Маяковский, изредка взглядывая на женщину, неторопливо шагал по комнате. Так львы размеренно и бесконечно вышагивают в своих тесных клетках.
– Если можно, я попрошу вас не ходить. Это мне мешает, – просто сказала Лора
С виновато-удивленным видом Маяковский осторожно присел на край тахты. Он с любопытством еще раз поднял глаза, теперь уже повнимательней и незаметно смотрел на гостью. На ее черное платье, кружевной белый воротничок, вишневый вязаный шерстяной шарф. Какая-то отчаянно-женская наивность в этом желании казаться сразу и нарядной, и строгой. Перевитые белыми ниточками седин темные волосы были собраны в пучок. Этот пучок был какой-то первозданной аккуратности, заколотый простыми, согнутыми в дужки и натертые до железного блеска шпильками. Черный лак со шпилек давно облупился и только кое-где удержался на извилистых ножках. У Лили тоже имелись такие шпильки. Но в отличие от Лилиных эти были явно из тех, что служат долго, не теряются и на ночь кладутся в одно и то же место.
– Что ж, вполне гениально, – проговорил Маяковский, когда женщина кончила читать. – Даже слишком хорошо записали. Кое-что лучше бы упустили. Да ладно! Пусть и редакторы потешатся… И долго вы учились своему искусству?
– Я еще до революции училась.
– Состоятельных, видно, родителей имели? Или – не очень?
– Нет. Довольно известные помещики. Дворяне с большой родословной. А муж мой и вовсе – Колчаковский офицер.
– Да ну! Интендантишка, наверно? Или мобилизованный врач-очкарик?
– Зачем же… Строевой, артиллерийский штабс-капитан…
Маяковский рассмеялся. Долго со вкусом смеялся, не отводя глаз от женщины. Та слегка уязвленно поглядывала на него. На щеках проступили подвижные красные пятна.

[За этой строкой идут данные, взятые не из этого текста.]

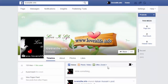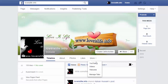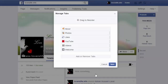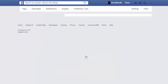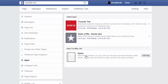Here friends, you will have to click More, then Manage Tabs, and here friends, Add or Remove Tabs. As I installed the YouTube tab and Static HTML tab, but I don't like them, so I am going to remove them.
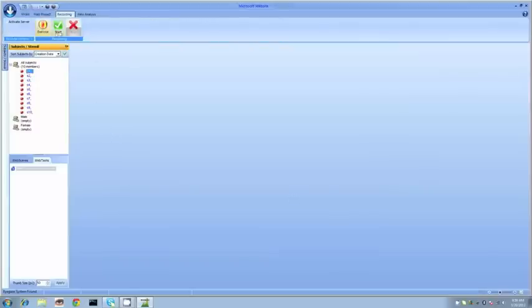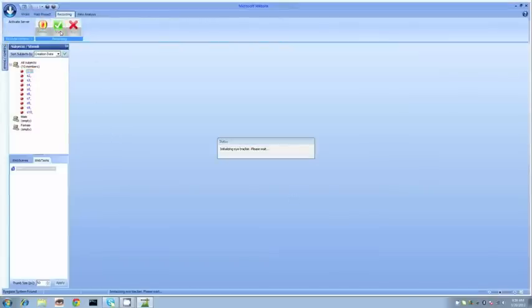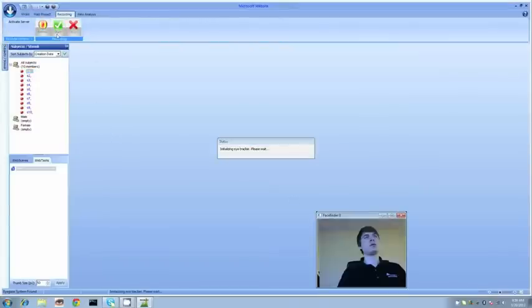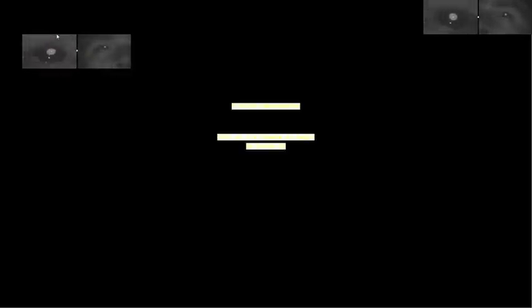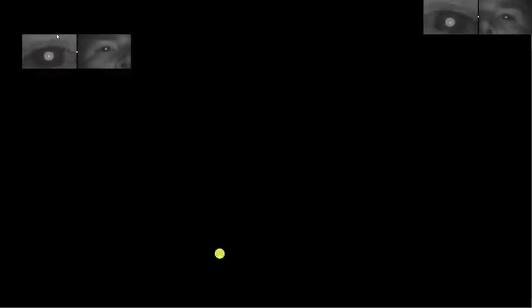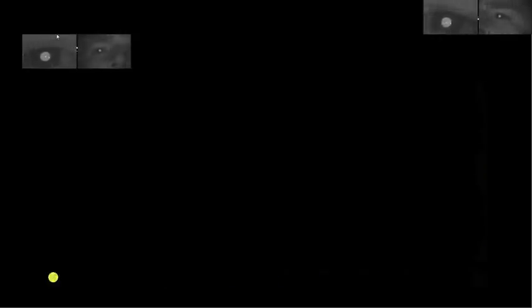The next step is we can just jump right into the experiment. I press record and this prompts the calibration procedure. This is going to take us just under 10 seconds. You can see my eye images in the upper right and left. I start the procedure and we're just going to follow this dot. The system is learning the shape of my cornea as I follow that dot around the screen.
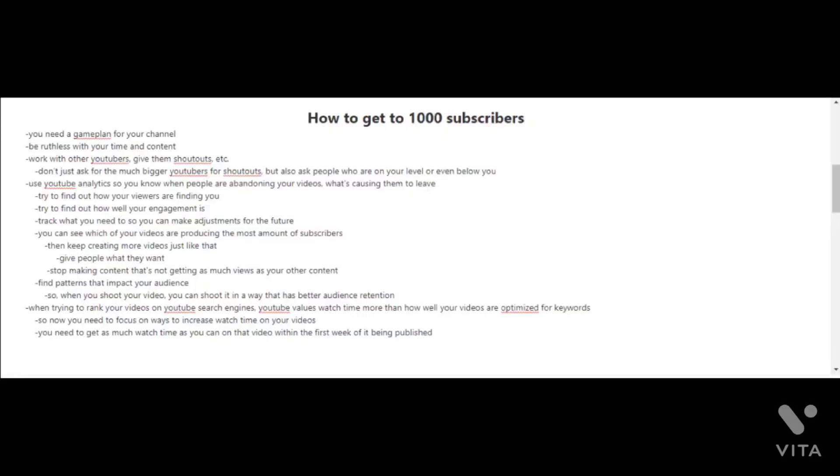How to get to 1000 subscribers. Now that you've reached 100 subscribers, let's go for your next milestone. You're gonna need a game plan for your channel and you'll have to be more ruthless with your time and your content.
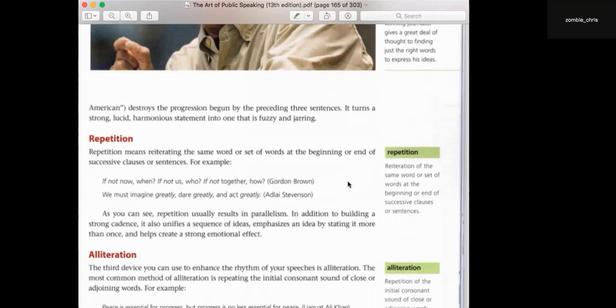Repetition — we see this a lot. 'Yes, we can.' 'I have a dream.' It repeats the same thing over and over again. That was the point of Martin Luther King's speech — all of the things he was talking about should have been a reality. But even in the 1960s, a hundred years after the slaves had been given their freedom, it was still something they were still dreaming about.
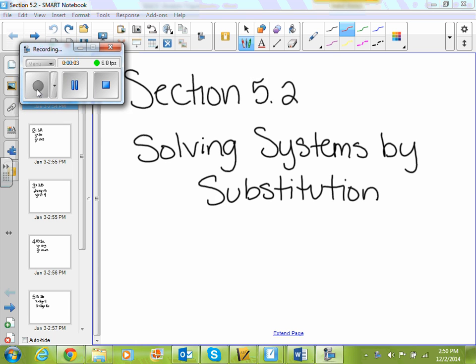Last week and yesterday we reviewed how to solve systems by graphing. Today we're going to look at substitution. There are three ways that we solve systems in this class: the first one is graphing, the second one is substitution, and then at the end of this week we're going to look at elimination.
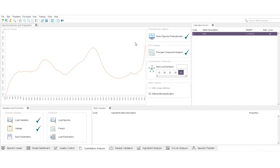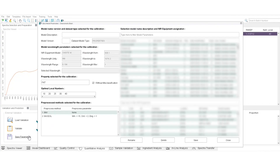Step 1. Inside a quantitative analysis tab, click on Save Parameters and a new pop-up window will be opened.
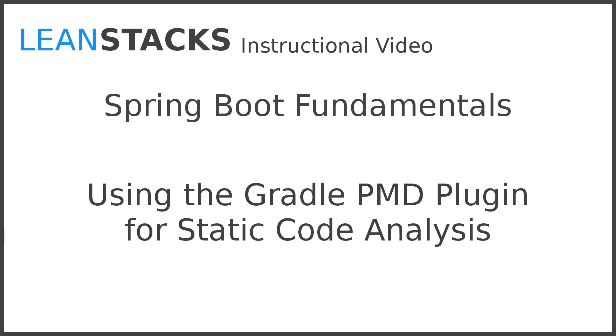I hope you've enjoyed this episode. Subscribe to the LeanStacks YouTube channel and follow the LeanStacks Google Plus page to receive updates as new episodes are published. As always, you can find more information on LeanStacks.com. To view the complete repository illustrated in this episode, see the GitHub repository URL in this episode's description. Thank you.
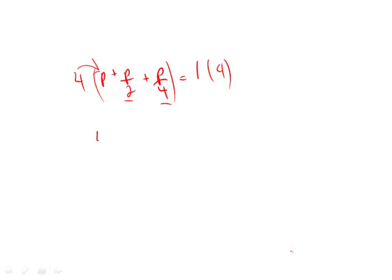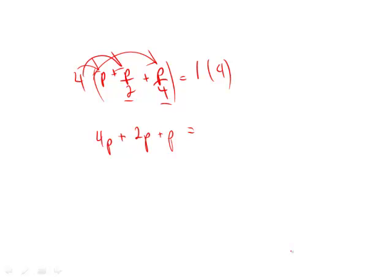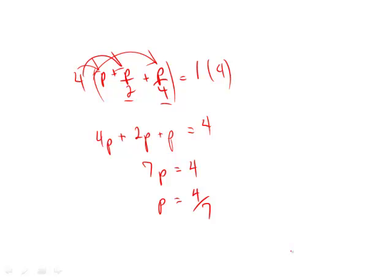That's the key. We end up getting, we distribute that 4. So I get 4P plus 2P plus P. The other side I multiply by 4, so I end up getting 4. That gives me 7P equals 4. P is equal to 4 over 7. And that's the answer choice D.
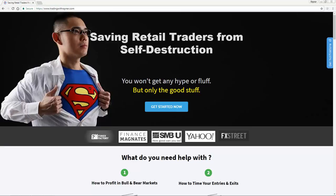Before I get to this video, I want to share with you something that would help you in your candlestick pattern training series. Go down to my website, tradingwithreiner.com.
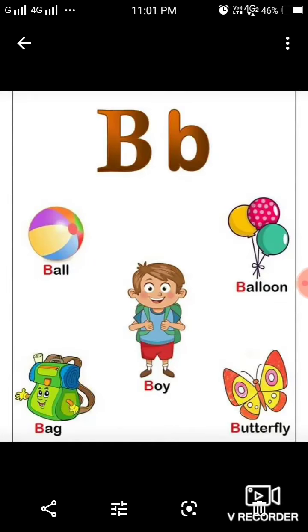Letter B. The sound coming from this letter is B. Balloon. B. Boy. B. Bag. B. Butterfly.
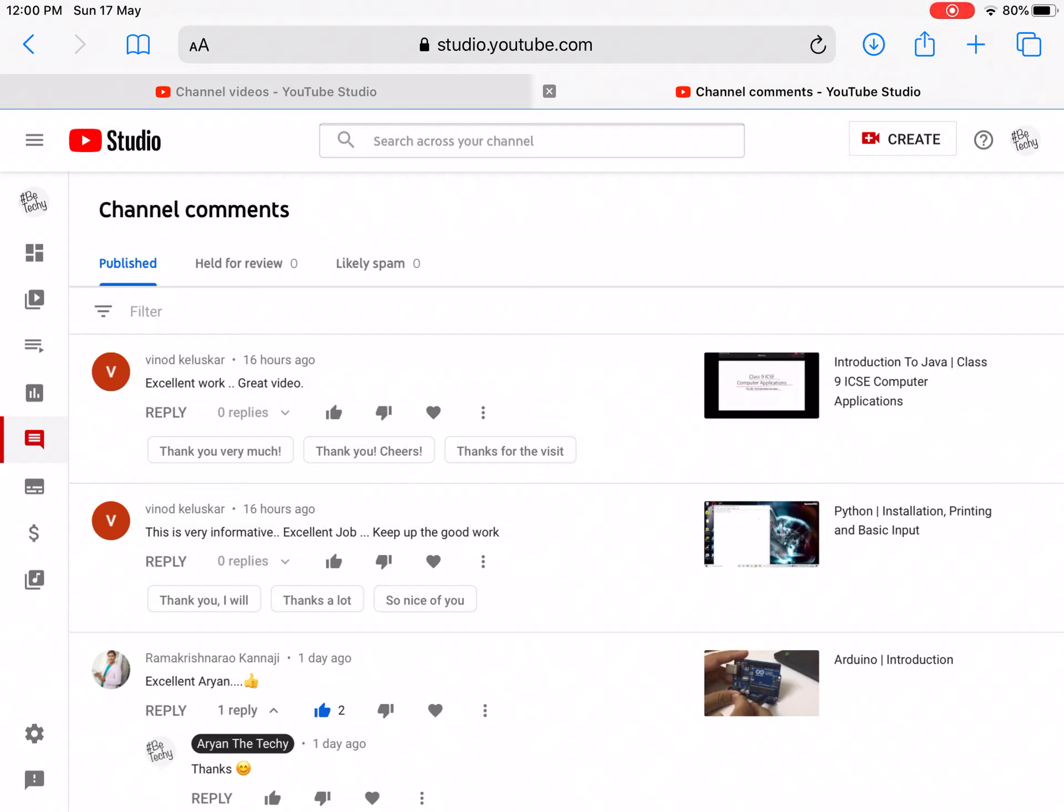Hello, it's me Aryan the Techie and I want to tell something important to all the YouTubers. I don't know about the people who view YouTube, but this video is especially for the YouTubers.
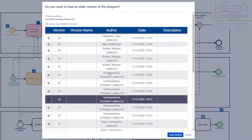Now the list feels a bit overwhelming. Some of these versions were just minor corrections — maybe someone corrected a typo in a label and saved the process model once more. Other versions are major milestones, for example the final version of a release that was put into production. Unfortunately, the version list doesn't differentiate that.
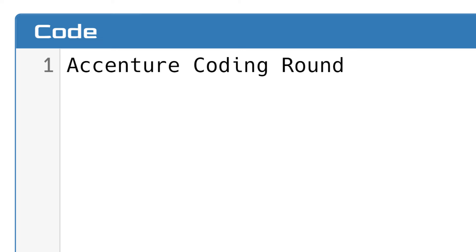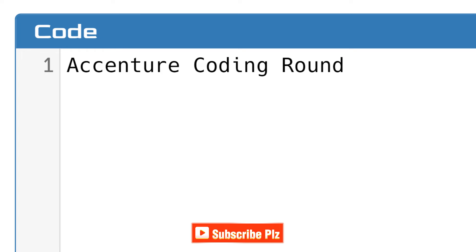At first, let's talk about what the coding round entails. The Accenture coding round is a crucial part of their hiring process aimed at evaluating your problem-solving skills and coding proficiency. Typically, you will have two coding questions that you need to solve within a stipulated time frame, usually within 45 minutes. The first coding question will be from array or string, and the second coding question will be from dynamic programming, tree, or graph.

– Почему я смеюсь… Я впервые впросак попал с вами! Обычно, когда заговоришь с бывшими, – как в поддавки играем. Я убавлю, он еще больше убавляет. Этак, подумаешь, – никто не воевал – ни одного добровольца во всей белой армии! Все не своей охотой… А вы вот… Странно даже! Будто не советская власть, а вернулись добрые старые времена. В понимании бывших, разумеется…
– Вернулись бы, может, молчала бы. Чего тогда рассказывать? А тут уж – начистоту. По греху и хула…
– И дают вам работу после таких откровенностей?
– Дают. Не все, конечно. Одни морщатся, другие делают вид, что не расслышали, что это им ни к чему. А иные – это я заметила, чаще из наших, бывших, – отказывают. И не из боязни. Такое еще понять бы можно. Нет, мол, теперь они такие… стопроцентные, идейный…
Маяковский осторожно снял с колен загудевшего в дреме кота, с приязненной задумчивостью смежил веки, уставился на этого спящего кота – будет ли ему на тахте так же хорошо дрематься, как у него на коленях?..
– А знаете
– С какой стати вы меня кормить станете… Эдак, всех приходящих по делу, кормить?.. Ну знаете ли…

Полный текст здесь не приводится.